The Rewards for Justice program, a counterterrorism tool, is now aimed at collecting information on nation-states that use hackers to disrupt critical infrastructure.
The United States will pay up to $10 million for information on cyberattacks against critical infrastructure that violate the nation’s anti-hacking statute, the Computer Fraud and Abuse Act (CFAA), and that are carried out “at the direction or under the control of a foreign government,” the US Department of State announced on July 15.

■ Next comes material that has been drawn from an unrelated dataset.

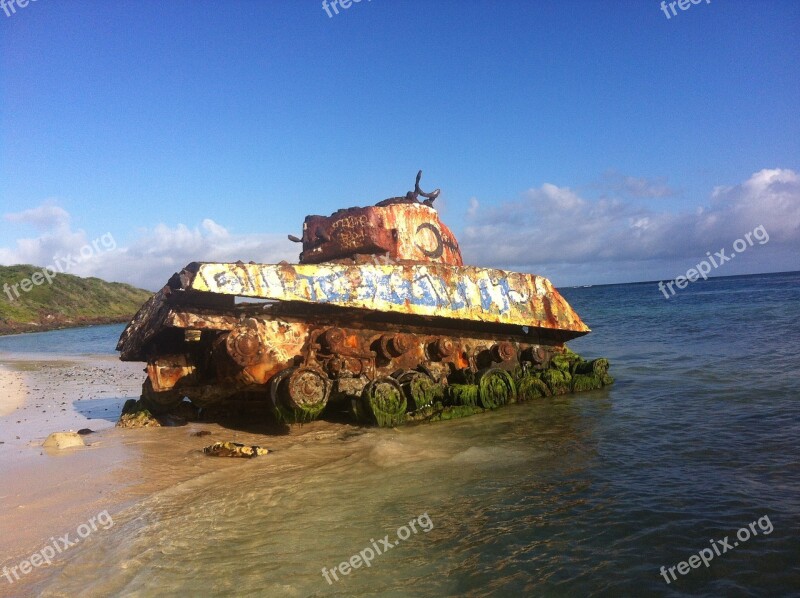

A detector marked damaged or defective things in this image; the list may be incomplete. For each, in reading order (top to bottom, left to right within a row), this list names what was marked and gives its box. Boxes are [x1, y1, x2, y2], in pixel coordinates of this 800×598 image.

corroded metal [115, 171, 608, 428]
rusted military tank [115, 171, 612, 428]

The State Department’s Rewards for Justice office will run the program, operating a Tor-based tip channel to receive information on potential foreign-directed hacking and sifting through information with a number of other government partners. The agency listed ransomware extortion, hacking or exceeding authorization on any protected computers, and transmitting malicious code as potential violations that — if conducted by a foreign agent — would constitute a relevant cyber threat.
The fund will pay up to $10 million “for information leading to the identification or location of any person who, while acting at the direction or under the control of a foreign government, participates in malicious cyber activities against U.S. critical infrastructure,” the State Department said in a statement.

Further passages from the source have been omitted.